If you encounter the above error while attempting to restore a differential backup, it usually indicates that it’s being applied to a full backup that isn’t the most recent one.

The most common cause we’ve seen is that a third-party program (or a SQL admin) is creating full backups in addition to the ones created by SQL Backup Master. And this means a more recent full backup likely exists somewhere about which SQL Backup Master has no knowledge.

In other words, a full backup was taken in between the full and differential backups being performed by SQL Backup Master. This results in a broken backup chain.

The very latest full backup must be located and restored prior to any differential what was derived from it. The differential cannot be restored to any prior backup (it must be the latest full backup that was created).

Diving deeper

If additional details are required, we recommend querying SQL Server’s backup set records. Doing so can help you identify where breaks in the backup chain may be occurring. Here’s a SQL query to get you started – you may wish to further restrict it by database name, time frame, etc.

SELECT 
msdb.dbo.backupset.database_name,
msdb.dbo.backupset.backup_start_date,
msdb.dbo.backupset.backup_finish_date,
msdb.dbo.backupset.database_backup_lsn,
msdb.dbo.backupset.differential_base_lsn,
CASE msdb..backupset.type
WHEN 'D' THEN 'Full'
WHEN 'L' THEN 'Log'
WHEN 'I' THEN 'Diff'
END AS backup_type,
msdb.dbo.backupset.backup_size,
msdb.dbo.backupmediafamily.physical_device_name
FROM msdb.dbo.backupmediafamily
INNER JOIN msdb.dbo.backupset ON
msdb.dbo.backupmediafamily.media_set_id =
msdb.dbo.backupset.media_set_id
ORDER BY 
msdb.dbo.backupset.database_name,
msdb.dbo.backupset.backup_finish_date


Sample query results shown below demonstrate how to correlate a differential backup to a specific full backup.
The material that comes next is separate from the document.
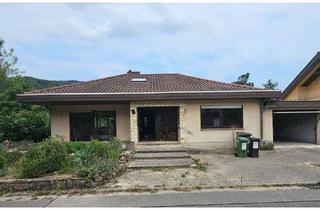 Haus kaufen in 76889 Klingenmünster, Klingenmünster - ~~ BUNGALOW MIT ZWEI GARAGEN UND GARTEN IN KLINGENMÜNSTER ~~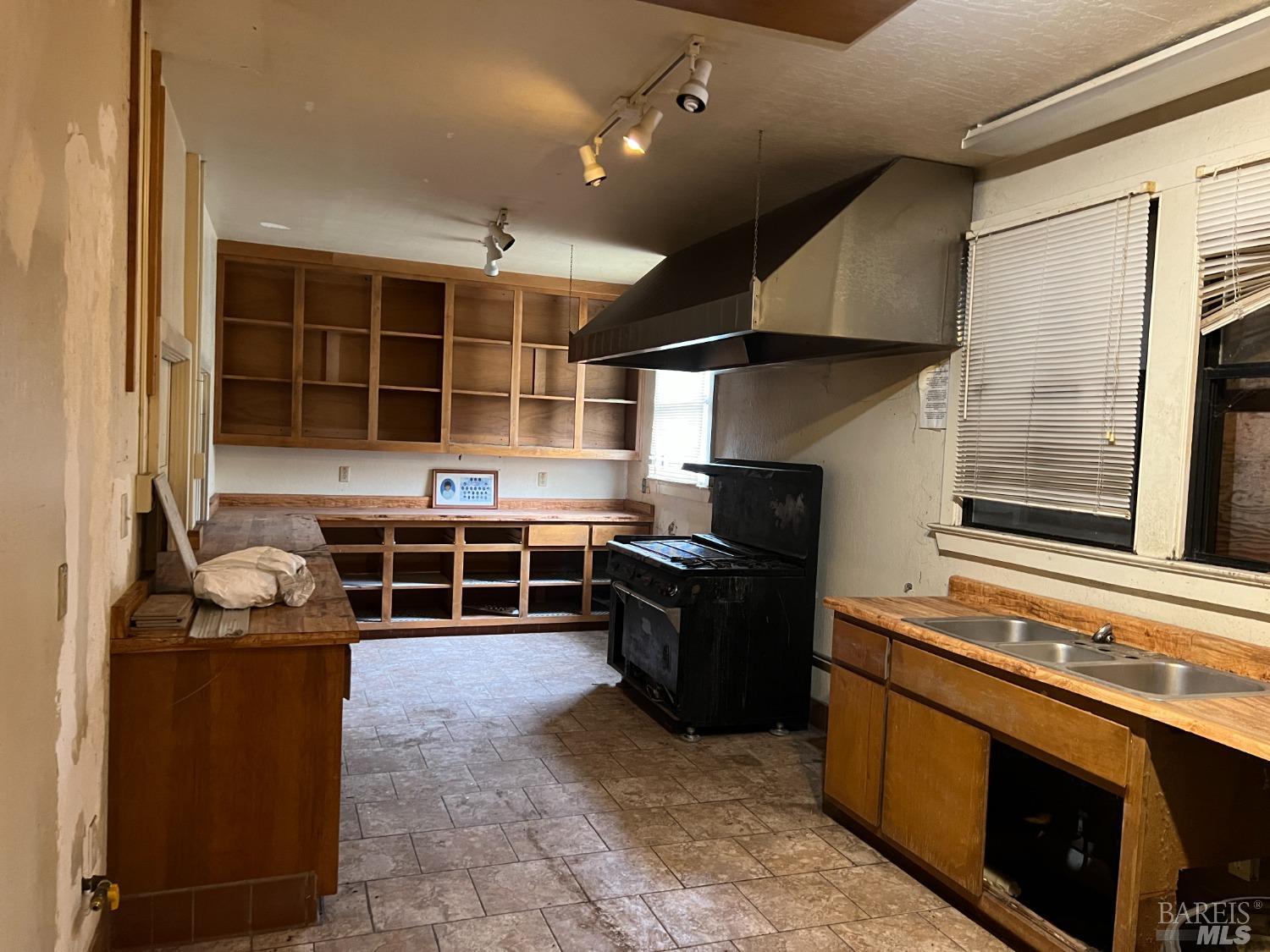 330 S Main Street Willits CA 95490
The magnified portion of the screenshot shows a differential backup with a differential_base_lsn field correlating to the first_lsn field of the full backup that precedes it.

The data provided by this query should help you to locate backup chain breaks. For additional information on querying this information from SQL Server, please see the link below.

backupset (Transact-SQL) – SQL Server | Microsoft Docs

Recommendations

The long-term solution to this problem is to ensure that only SQL Backup Master is creating SQL Server backups for your databases. Disable all other automated or scheduled SQL Server backup services for those databases, and use the SQL Backup Master GUI to create manual backups if needed.